Sonochemistry deals with the effect of ultrasonic waves on chemical systems. It has green value because of non-hazardous acoustic radiation and is therefore duly recognized as a green chemistry by synthetic chemists as well as environmentalists. There is no direct interaction of ultrasound with molecular species, but the observed chemical and physical effects of ultrasound are due to the cavitational collapse, which produces drastic conditions of temperature and pressure locally. It induces the formation of various chemical species, which cannot be easily attained under conventional conditions. Sometimes, these species are responsible for driving towards an unusual reactivity in molecular entities.

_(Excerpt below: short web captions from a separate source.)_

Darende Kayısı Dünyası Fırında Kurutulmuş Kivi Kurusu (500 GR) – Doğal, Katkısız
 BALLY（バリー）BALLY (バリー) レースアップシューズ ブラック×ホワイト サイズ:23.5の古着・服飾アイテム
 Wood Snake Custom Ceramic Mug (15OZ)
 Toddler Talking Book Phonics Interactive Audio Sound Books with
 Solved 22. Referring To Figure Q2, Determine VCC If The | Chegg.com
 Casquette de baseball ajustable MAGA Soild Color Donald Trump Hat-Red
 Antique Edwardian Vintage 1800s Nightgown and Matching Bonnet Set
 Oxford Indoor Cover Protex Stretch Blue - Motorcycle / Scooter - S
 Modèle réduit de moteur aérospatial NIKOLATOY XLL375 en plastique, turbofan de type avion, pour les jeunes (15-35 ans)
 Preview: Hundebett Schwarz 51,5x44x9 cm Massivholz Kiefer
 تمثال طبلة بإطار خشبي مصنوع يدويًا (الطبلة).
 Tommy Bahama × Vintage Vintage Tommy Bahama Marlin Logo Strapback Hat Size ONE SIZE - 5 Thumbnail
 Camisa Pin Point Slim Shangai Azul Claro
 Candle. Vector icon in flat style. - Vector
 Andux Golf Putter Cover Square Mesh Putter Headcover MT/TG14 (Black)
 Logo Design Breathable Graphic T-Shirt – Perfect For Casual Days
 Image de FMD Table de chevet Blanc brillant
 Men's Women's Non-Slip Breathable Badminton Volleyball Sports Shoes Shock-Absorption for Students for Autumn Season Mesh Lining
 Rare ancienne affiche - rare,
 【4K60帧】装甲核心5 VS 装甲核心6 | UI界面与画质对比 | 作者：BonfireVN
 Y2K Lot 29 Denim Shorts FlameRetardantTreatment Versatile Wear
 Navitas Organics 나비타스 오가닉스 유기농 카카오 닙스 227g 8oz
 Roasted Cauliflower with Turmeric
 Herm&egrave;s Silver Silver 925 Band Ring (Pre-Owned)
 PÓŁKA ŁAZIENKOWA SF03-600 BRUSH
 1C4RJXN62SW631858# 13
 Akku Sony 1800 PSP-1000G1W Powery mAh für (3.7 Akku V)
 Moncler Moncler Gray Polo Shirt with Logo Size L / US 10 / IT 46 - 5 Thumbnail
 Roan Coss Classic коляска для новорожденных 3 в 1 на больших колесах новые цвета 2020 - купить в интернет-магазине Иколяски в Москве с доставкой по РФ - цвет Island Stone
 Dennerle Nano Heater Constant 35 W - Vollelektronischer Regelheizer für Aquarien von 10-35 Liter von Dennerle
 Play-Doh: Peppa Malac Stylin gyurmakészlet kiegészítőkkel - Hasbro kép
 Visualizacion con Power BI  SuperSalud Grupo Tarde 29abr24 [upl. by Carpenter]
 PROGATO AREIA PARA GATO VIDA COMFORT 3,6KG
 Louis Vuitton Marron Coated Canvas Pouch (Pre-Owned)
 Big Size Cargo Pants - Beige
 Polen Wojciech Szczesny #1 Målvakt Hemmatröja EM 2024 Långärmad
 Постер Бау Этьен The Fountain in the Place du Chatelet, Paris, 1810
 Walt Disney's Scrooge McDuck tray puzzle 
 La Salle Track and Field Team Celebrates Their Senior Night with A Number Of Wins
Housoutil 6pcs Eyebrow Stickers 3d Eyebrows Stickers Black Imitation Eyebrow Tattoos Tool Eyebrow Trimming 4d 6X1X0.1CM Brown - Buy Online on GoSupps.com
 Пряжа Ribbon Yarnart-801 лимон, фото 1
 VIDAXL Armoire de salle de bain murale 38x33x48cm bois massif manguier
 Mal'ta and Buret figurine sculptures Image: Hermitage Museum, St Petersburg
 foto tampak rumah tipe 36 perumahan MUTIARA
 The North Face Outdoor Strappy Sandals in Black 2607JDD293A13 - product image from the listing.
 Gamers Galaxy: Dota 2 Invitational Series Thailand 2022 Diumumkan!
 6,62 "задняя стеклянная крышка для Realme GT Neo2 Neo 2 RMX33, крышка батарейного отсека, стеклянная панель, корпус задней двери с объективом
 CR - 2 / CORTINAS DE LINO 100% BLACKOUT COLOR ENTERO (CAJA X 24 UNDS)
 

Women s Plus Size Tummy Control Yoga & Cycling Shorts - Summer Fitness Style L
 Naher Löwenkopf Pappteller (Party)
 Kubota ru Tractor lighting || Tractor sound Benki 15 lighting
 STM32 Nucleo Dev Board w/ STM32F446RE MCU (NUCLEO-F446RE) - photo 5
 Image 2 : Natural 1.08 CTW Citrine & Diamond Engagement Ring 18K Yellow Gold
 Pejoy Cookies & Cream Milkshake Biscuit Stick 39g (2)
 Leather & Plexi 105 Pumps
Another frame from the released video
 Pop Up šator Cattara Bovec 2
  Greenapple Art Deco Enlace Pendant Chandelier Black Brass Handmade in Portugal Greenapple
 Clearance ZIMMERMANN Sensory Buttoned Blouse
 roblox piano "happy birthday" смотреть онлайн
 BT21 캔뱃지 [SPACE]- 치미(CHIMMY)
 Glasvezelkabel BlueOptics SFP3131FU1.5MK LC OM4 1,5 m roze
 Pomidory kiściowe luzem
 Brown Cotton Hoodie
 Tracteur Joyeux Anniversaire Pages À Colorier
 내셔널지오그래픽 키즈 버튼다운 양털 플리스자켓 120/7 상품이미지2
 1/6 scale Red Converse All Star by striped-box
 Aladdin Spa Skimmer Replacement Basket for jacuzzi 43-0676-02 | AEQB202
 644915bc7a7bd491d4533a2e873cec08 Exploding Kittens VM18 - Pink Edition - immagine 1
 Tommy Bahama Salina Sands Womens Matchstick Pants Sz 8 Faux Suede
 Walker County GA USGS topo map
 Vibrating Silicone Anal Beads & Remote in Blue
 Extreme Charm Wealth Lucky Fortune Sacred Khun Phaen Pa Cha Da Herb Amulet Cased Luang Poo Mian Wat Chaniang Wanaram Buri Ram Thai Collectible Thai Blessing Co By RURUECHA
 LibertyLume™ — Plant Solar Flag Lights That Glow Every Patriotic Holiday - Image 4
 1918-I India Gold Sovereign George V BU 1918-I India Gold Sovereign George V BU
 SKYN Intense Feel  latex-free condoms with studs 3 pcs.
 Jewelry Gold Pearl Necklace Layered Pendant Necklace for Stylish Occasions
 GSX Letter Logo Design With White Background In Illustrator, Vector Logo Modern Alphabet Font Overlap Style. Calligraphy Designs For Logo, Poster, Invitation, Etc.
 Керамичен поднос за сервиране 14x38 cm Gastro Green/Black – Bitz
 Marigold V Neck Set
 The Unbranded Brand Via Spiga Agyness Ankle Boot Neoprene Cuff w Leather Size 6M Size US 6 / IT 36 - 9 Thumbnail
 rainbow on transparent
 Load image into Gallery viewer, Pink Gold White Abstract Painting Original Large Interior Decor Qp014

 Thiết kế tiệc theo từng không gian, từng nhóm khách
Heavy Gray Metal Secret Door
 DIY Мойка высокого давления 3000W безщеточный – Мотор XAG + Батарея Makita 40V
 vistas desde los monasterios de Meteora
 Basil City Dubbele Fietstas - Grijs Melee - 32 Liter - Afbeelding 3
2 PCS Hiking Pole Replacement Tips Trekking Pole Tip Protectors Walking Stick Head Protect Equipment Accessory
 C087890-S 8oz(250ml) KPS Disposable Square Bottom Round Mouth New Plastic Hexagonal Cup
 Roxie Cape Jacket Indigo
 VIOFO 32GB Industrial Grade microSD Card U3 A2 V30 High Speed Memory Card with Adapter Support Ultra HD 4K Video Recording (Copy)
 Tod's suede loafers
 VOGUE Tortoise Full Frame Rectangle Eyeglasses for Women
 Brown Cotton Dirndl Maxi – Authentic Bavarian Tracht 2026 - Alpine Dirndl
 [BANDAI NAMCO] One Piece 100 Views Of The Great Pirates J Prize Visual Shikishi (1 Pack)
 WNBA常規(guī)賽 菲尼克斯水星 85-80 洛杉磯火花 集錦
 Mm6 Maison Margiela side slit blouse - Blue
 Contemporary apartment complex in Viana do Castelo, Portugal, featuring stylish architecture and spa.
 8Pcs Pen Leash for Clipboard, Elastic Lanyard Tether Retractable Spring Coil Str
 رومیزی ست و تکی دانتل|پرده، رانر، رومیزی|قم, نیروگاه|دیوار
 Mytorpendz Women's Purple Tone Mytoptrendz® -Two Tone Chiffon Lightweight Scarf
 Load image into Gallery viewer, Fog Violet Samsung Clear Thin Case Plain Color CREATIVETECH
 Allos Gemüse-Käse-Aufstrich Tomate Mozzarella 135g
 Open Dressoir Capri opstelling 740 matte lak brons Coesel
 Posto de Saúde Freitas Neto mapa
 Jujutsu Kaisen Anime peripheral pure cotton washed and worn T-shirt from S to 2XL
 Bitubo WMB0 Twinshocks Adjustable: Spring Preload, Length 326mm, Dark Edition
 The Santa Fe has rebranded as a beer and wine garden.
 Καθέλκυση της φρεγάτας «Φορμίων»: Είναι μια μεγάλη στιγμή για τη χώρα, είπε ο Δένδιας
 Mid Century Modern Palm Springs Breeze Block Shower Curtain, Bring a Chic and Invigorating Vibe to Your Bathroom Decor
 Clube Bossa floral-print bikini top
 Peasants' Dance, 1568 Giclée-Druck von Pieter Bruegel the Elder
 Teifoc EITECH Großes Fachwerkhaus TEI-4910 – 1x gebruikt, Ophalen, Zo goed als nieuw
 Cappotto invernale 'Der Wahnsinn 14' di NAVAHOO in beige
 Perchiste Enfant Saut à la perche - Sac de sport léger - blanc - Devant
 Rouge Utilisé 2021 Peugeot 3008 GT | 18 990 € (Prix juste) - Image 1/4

This book, Sonochemistry: An Emerging Green Technology, provides the complete development of sonochemistry, starting with an introduction and basic concepts of sonochemistry and proceeding on to different types of sonochemical reactions, instrumentation, use of ultrasound in driving particular chemical reactions, and its applications in various fields, such as polymer synthesis, decontamination of water and wastewater, preparation of nanomaterials, food technology, pharmaceutical sciences, etc.
The book also briefly discusses some areas that utilize ultrasounds of different frequencies. These include food products and their processing; anaerobic digestion of waste; and medical applications such as ultrasonography, sonodynamic therapy, drug delivery, etc. Sonochemistry will be successfully used on an industrial scale in pharmaceutical drugs, polymers, nanomaterials, food technology, material science, biogas production, etc. in years to come and will be an established green chemical technology of the future.